**Material provided**
■ ■ ■ ■ ■

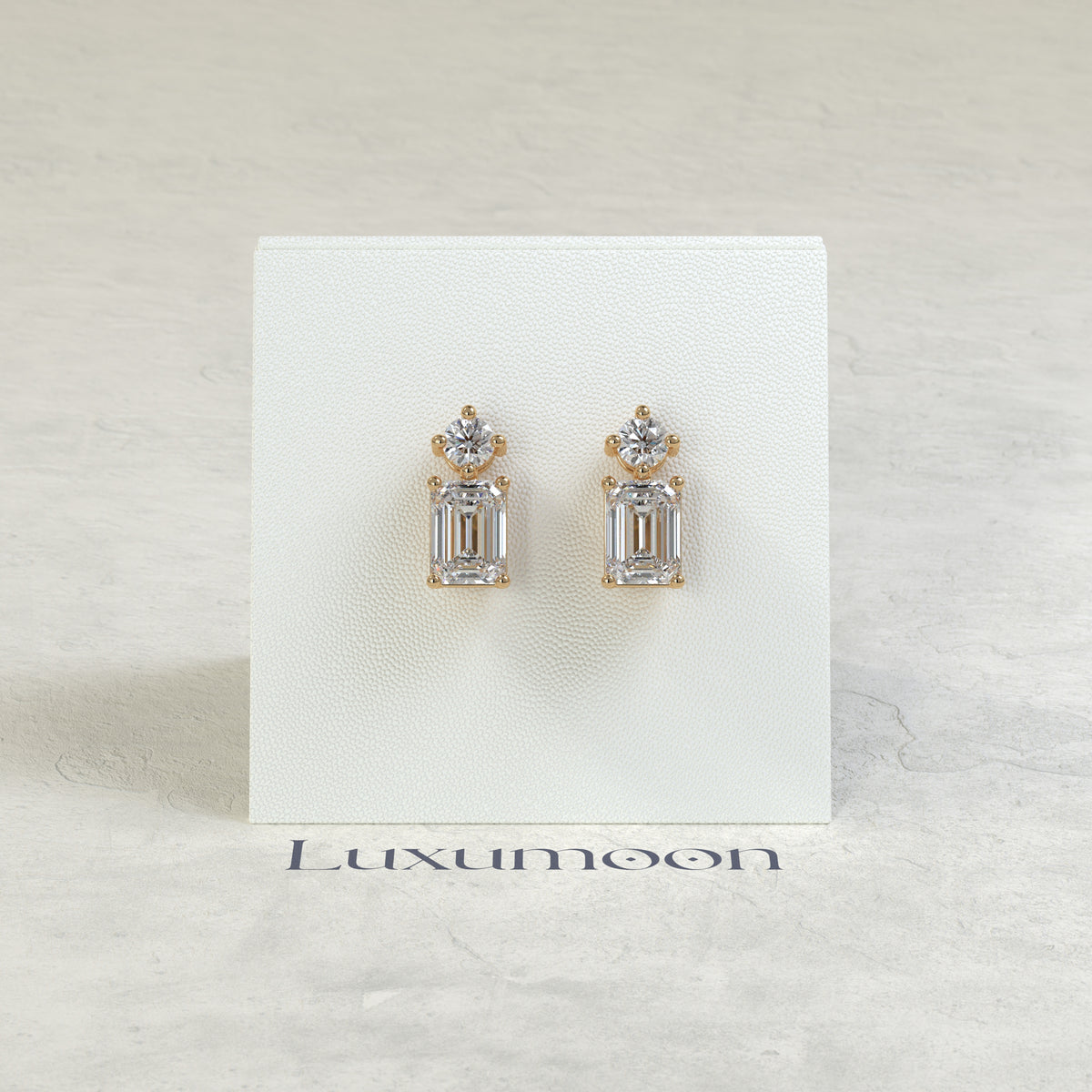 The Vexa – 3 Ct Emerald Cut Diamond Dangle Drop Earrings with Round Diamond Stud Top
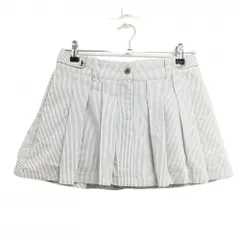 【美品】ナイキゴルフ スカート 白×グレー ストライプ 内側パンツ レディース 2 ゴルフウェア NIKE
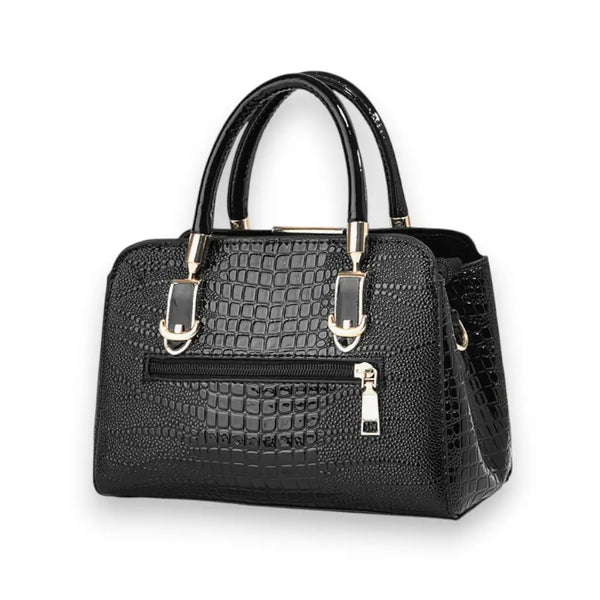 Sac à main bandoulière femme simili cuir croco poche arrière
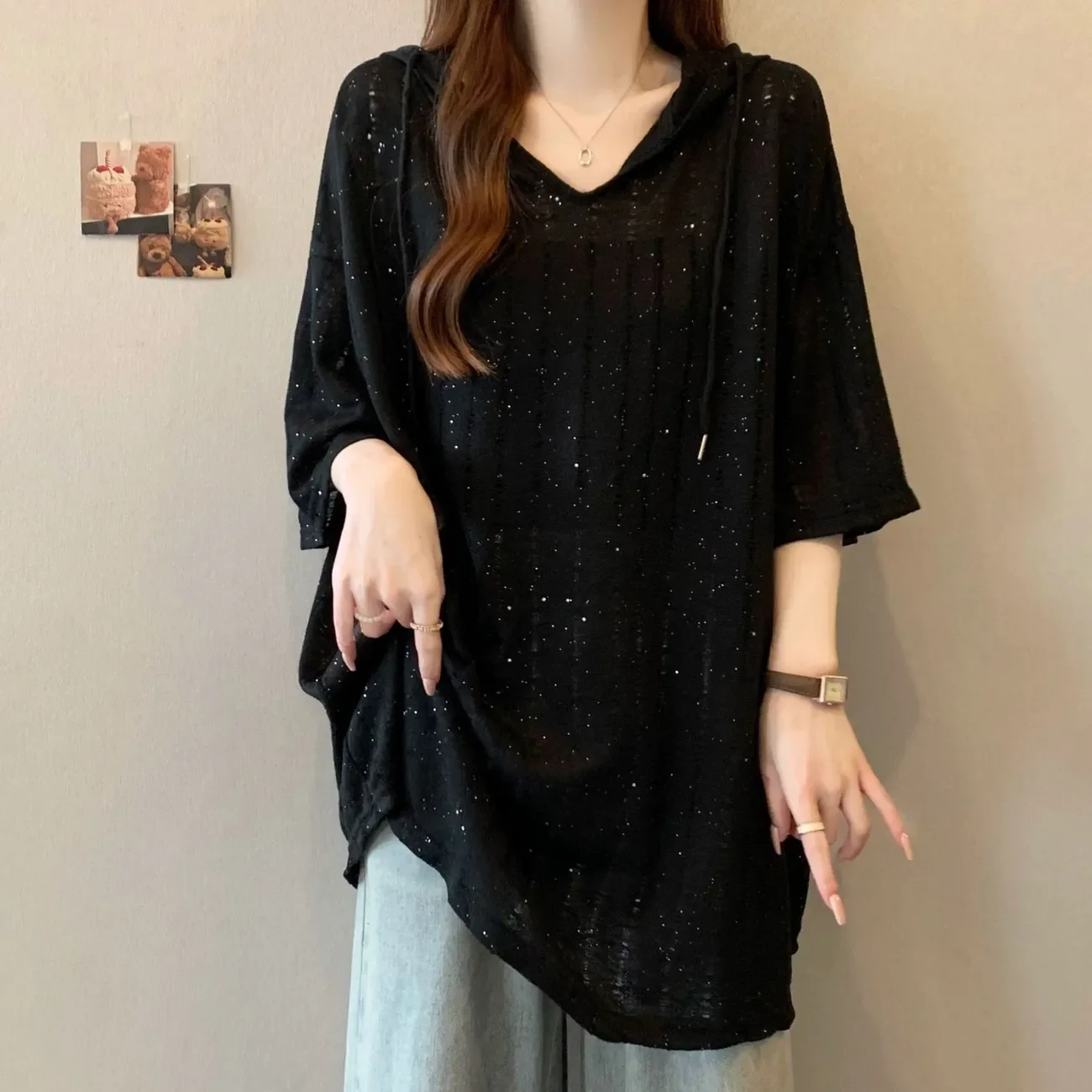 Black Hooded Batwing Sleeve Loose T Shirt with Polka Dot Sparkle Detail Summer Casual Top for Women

■ ■ ■ ■ ■

Before you return the listing exactly, strip out its pictures.

**Response area**
 The Vexa – 3 Ct Emerald Cut Diamond Dangle Drop Earrings with Round Diamond Stud Top
 【美品】ナイキゴルフ スカート 白×グレー ストライプ 内側パンツ レディース 2 ゴルフウェア NIKE
 Sac à main bandoulière femme simili cuir croco poche arrière
 Black Hooded Batwing Sleeve Loose T Shirt with Polka Dot Sparkle Detail Summer Casual Top for Women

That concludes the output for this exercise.